The key to building a great mix is having a solid bass and kick-drum mix. If the bass and kick doesn’t work well together, the mix will fall apart. So here are a few tips to getting that bass and kick to work for a good mix
Tip 1: Edit and tighten
The first tip is specifically for live acoustic bass and kick.
The main problem I found with live recording is timing, which can cause phase issues and a thin sound bass and kick if not sorted. So the first thing you want to do when you get live recording to mix is to editing the timing. Make sure bass and kick are in phase (in time).
If you are the one recording get the drummer and the bass player to rehearse as much as possible before recording them. This way you will get a close to perfect recording and you won’t have do a lot of editing, which can be a tedious task.
When editing the kick and bass, if you recorded good takes, chances are all you have to do is line the waveforms up with each other.
Other times you may have to do more serious editing, you may have to cut and paste or use time stretching tools like ‘Logic Pro X Flex Mode’ to do the job. This can be time consuming but it will worth it when you get the kick drum and bass to playing better together in the mix.
Tip 2: High pass filter
Another tip direct at live recording. When tracking low hum and rumble are introduce in the recording in a numbers of way and this can muddy up the mix and prevent clarity. Most of time you can not prevent this getting into the recording so you will have to filter it out with a low pass filter.
Since we can’t hear much below 30Hz, filtering out everything below this frequency from the kick and bass won’t affect the tonality but will add more clarity to the mix.
Tip 3: Give them their own space
This is the most important tip and one every mixer must know.
The low frequency ranges from 60Hz-200Hz. The bass and kick must sit within this range at there own distinct fundamental frequencies for them be audible in the mix and not clashing with each other.
So how is it done? Using an EQ, find the frequencies that defines each instruments and boost those frequencies while cutting it those same frequencies in the other instrument. For example, say 70-Hz accent the kick drum when boost, you would cut 70-80Hz from the bass. When plays together the 70-80Hz in the bass won’t clash with the 70-80Hz you want to hear from the kick.
Do the same with the bass, find the frequencies that accent the bass then cut those same frequencies from the kick drum.
Keep in mind though, too much boost bass region can muddy up the mix so it better to cut in the area than to boost.
In most case this little tip will prevent the kick drum and the bass from clashing and create more clarity in the low end. But there time when this won’t be enough and other create ways are needed to create clarity in the low end, which bring us to the next tips.
Tip 4. Sidechain the kick and bass
Sidechain compression is a technique use to get kick drum to cut through the mix when the bass or other instruments masked it or then it is too low and you don’t have no more head room to turn the kick up.

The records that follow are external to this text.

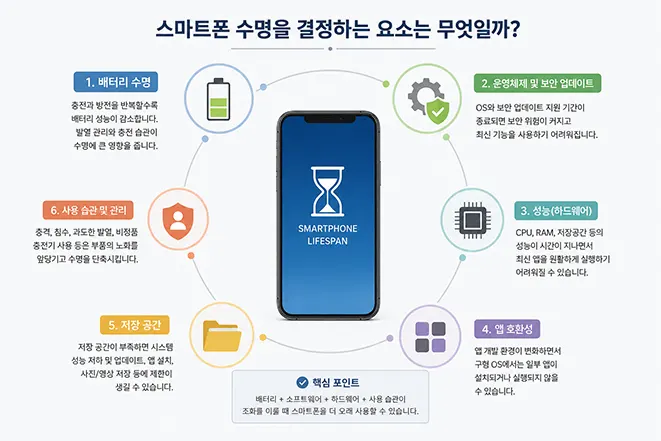 스마트폰 수명에 영향을 주는 배터리, 운영체제 업데이트, 성능, 앱 호환성, 저장 공간, 사용 습관을 설명하는 인포그래픽 이미지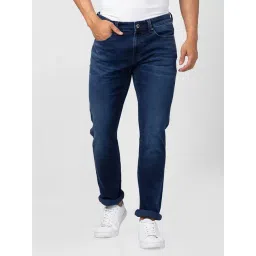Spykar Dark Blue Cotton Regular Fit Jeans-picture-11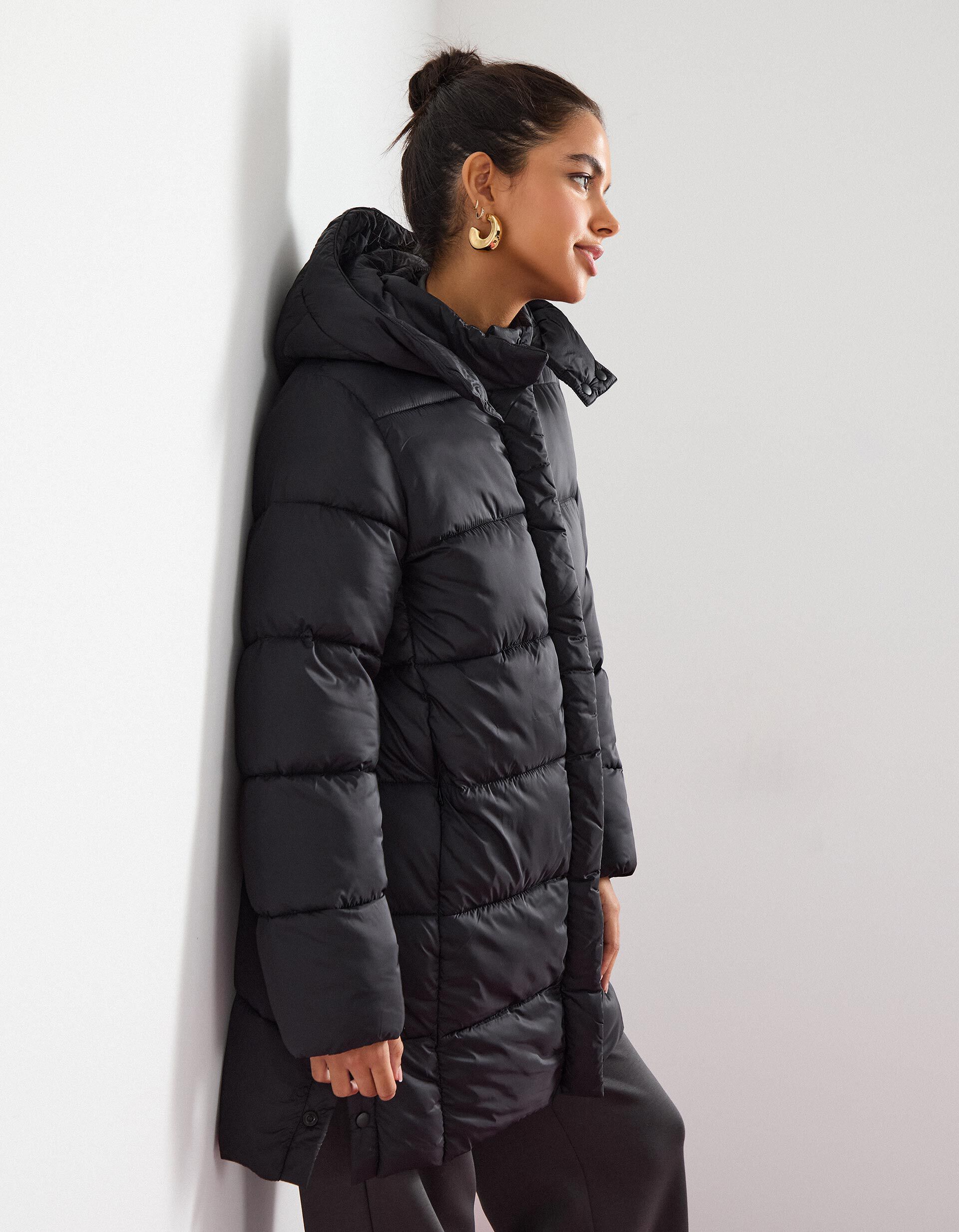 Comprar Online Casaco Acolchoado Comprido, Mulher, Preto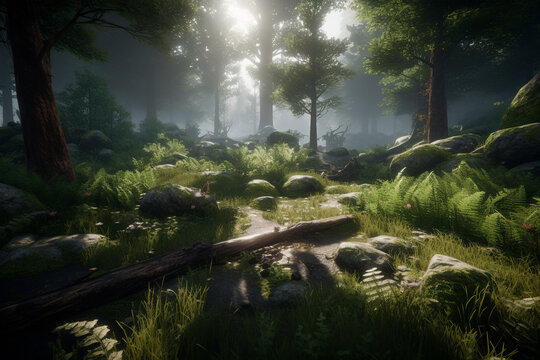 Scenic view of forest generative AI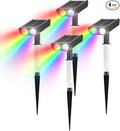 RGB Solar Spot Lights : 2 IN 1 Solar Lights Outdoor with 8 Lighting Modes & PC Light Guide Column for Tree Garden Yard Pathway | RGB Color Changing Landscape Lights | IP65 Waterproof | 4 Pack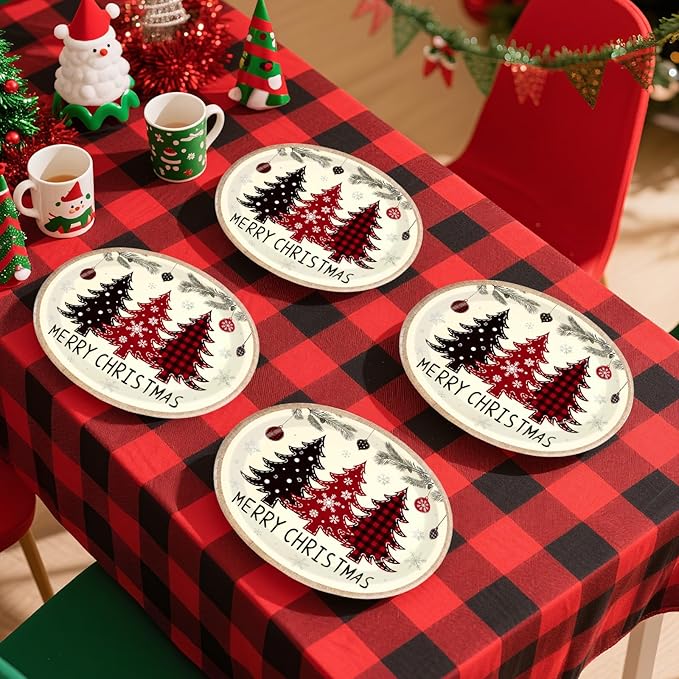50Pcs Christmas Tree Oval Paper Plates 10 x 12 Large Heavy Duty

The bass can masked this kick when they play at the same time in the mix or they have the similar fundamental and harmonic frequencies. Using sidechain compression whenever the kick play the compressor will briefly lower to volume of the bass so that the kick is audible.
The time is so short that it won’t be obvious that the bass is lower.
Using one are these technique and you should be on your way to getting a better low end mix.